Strong performance by Kosovo’s first large-scale wind and solar farms show the coal-dominated, Western Balkan country can exploit falling renewables costs and green lending appetite to align better with a low-carbon European transition and reduce losses from stranded fossil fuel assets.
According to a new report by the Institute for Energy Economics and Financial Analysis (IEEFA), Kosovo has multiple opportunities to move beyond coal, which provided 95% of its electricity last year. It can close the oldest of its two coal plants; boost building efficiency to reduce crippling energy losses; strengthen electricity distribution networks; improve interconnection with its neighbours; and conduct electricity market reforms.
Kosovo has traditionally relied upon lignite, a low-grade form of coal, because of large reserves. But the World Bank and U.K.-listed Contour Global have withdrawn financial support for a new lignite power plant, citing its high cost compared with renewables. The withdrawal reflects how new coal plants are no longer economically viable in Europe,
and the $2 billion price tag for the proposed Kosova e Re Power Plant (KRPP) makes it highly unlikely that the project could proceed as a state-owned project.
“The country must move beyond coal to secure its energy future,” said Arjun Flora, co-author of Beyond Coal: Investing in Kosovo’s Energy Future. “This will include meeting pan-European standards on carbon emissions and air quality, as well as adopting a rapidly rising carbon price so it can ultimately join the European Union”.

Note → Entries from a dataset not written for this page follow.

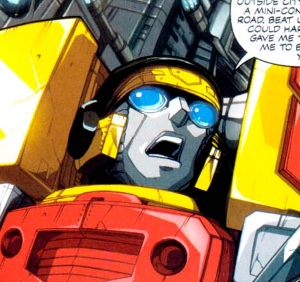hot shot/hot rod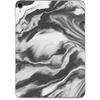 Skinit Decal Tablet Skin Compatible with iPad Pro 11in (2021) - Officially Licensed Grey Marble Ink Design view 1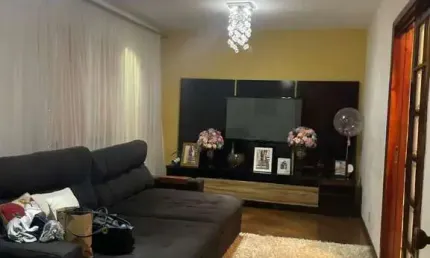 Sobrado com 3 dormitórios à venda, 219 m² por r$ 699.000,00 - vila eldízia - santo andré/sp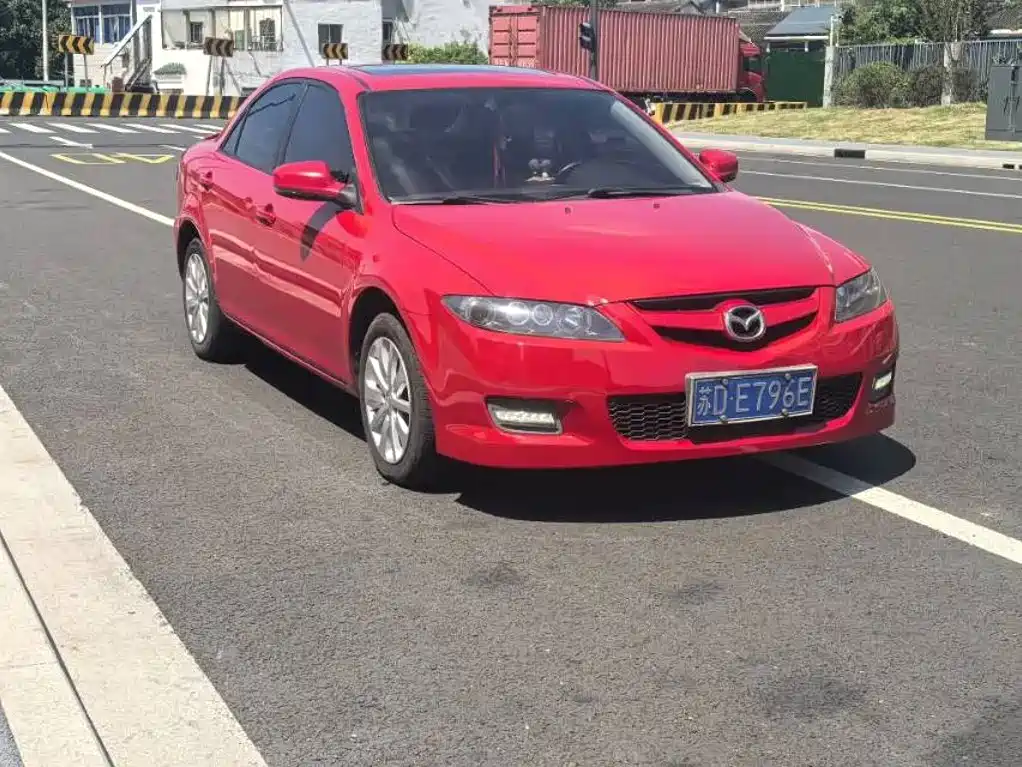 Mazda 6 — миниатюра 2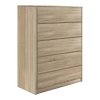 072 000109 Coffee table Kousien Inart white sintered stone D50x60cmIndoor furniture > Tables auxiliary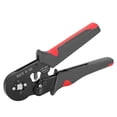 thumbnail image 2 of Crimper Plier Square Self-adjustable Crimping Tool for Cable End-sleeves Ferrules, 2 of 10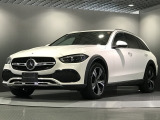 Cクラスオールテレイン C220 d 4マチック (ISG) 4WD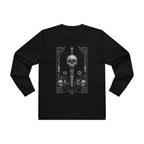 Oath Breaker Iron Sword Skull Longsleeve Tee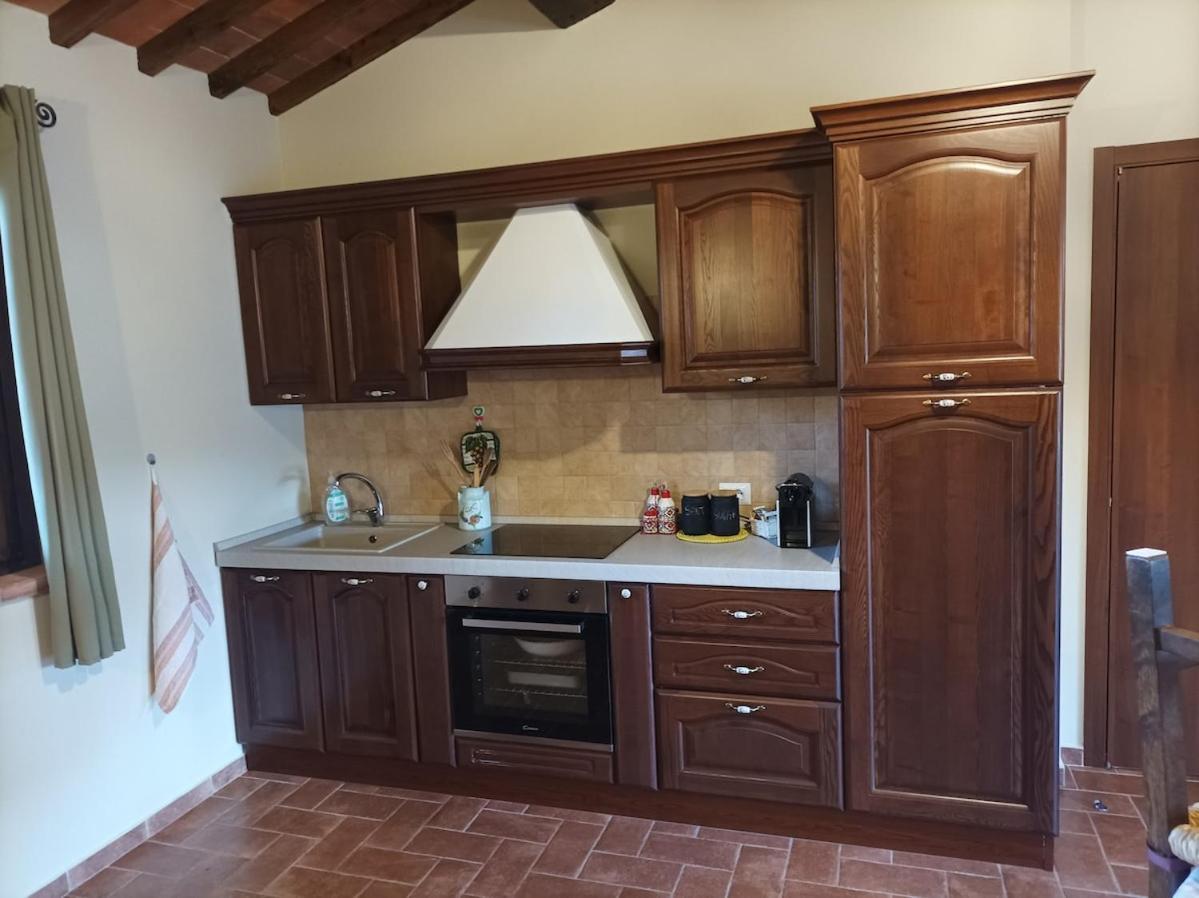 Agriturismo Il Bagnano Certaldo Eksteriør billede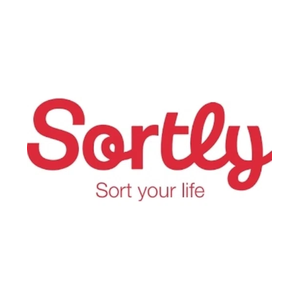 sortly brand logo for sortly.com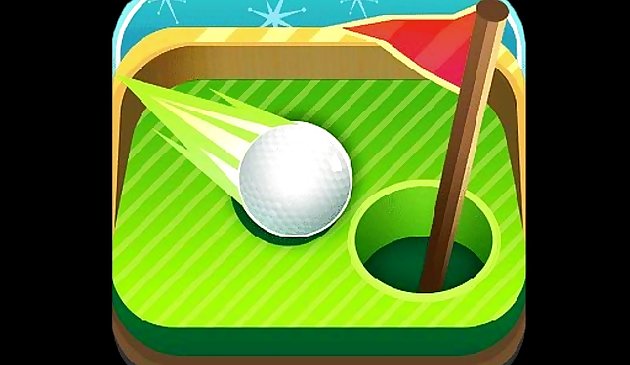 Мини гольф. Приключение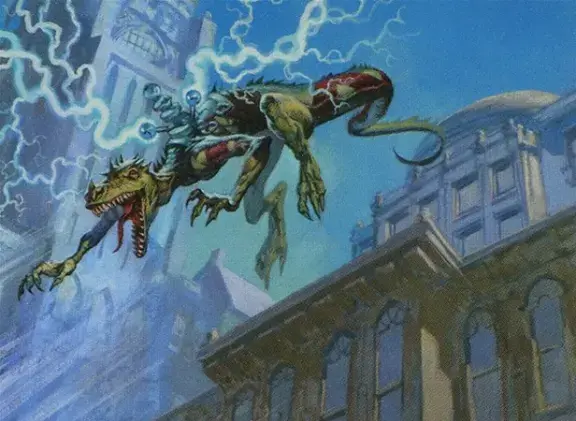 Return to Ravnica: Preview Card Art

“Stranded asset risk is very real in Kosovo,” Flora said. “We have seen European utilities issuing massive, repeated write-downs on coal assets and scrambling to sell or close power plants, as EU member states issue coal exit dates. Poland is a warning, as the EU’s most coal-dominated nation, where the chief executive of the country’s biggest energy
company PGE recently warned of the threat of bankruptcy.”
“Data from Kosovo’s new wind and solar projects show capacity factors that beat the UK average for onshore wind; and exceed those for solar in Germany, Europe’s largest producer. This should silence the old argument that Kosovo has weak renewable energy resources.”
Natural gas is often touted as a “bridge” transition fuel, but is unlikely to be the most cost-effective remedy for Kosovo. The country is interested in connecting with the Trans-Adriatic Pipeline, linking Asian supplies to the Balkans, but Kosovo has no gas infrastructure or market. Even before such a costly infrastructure could be created, renewables would be broadly competitive with gas-fired generation.
IEEFA estimates electricity demand will rise 20% during the decade from the current 6,000 GWh, driven by increasing incomes and the growing electrification of the energy sector. The projected increase will require the generation of an additional 1,200GWh every year by 2030.
Despite its promising future, Kosovo should take additional steps to ensure a secure electricity supply, including supporting consumers who use rooftop solar to generate power; and establishing a demand-side response (DSR) market that signs agreements with energy-intensive users to reduce demand when required.
Beyond electricity, Kosovo also has options to boost alternative heating sources. A majority of households are heated by burning biomass, which poses serious health risks for homes with inefficient stoves. The country’s woody biomass is being consumed almost twice as quickly as it can be replaced, according to the World Bank. Alternative heating options include expanded district heating, fuelled by solar thermal, waste heat or energy crops, instead of fuel oil, lignite and woody biomass.
“It may make sense for Kosovo to leapfrog directly past gas, to a renewables-based, energy-efficient economy,” said report co-author Gerard Wynn. “But this will require investment. As one of Europe’s poorest, most carbon-intensive countries, it is only fair that European countries and multilateral development banks support this transition.”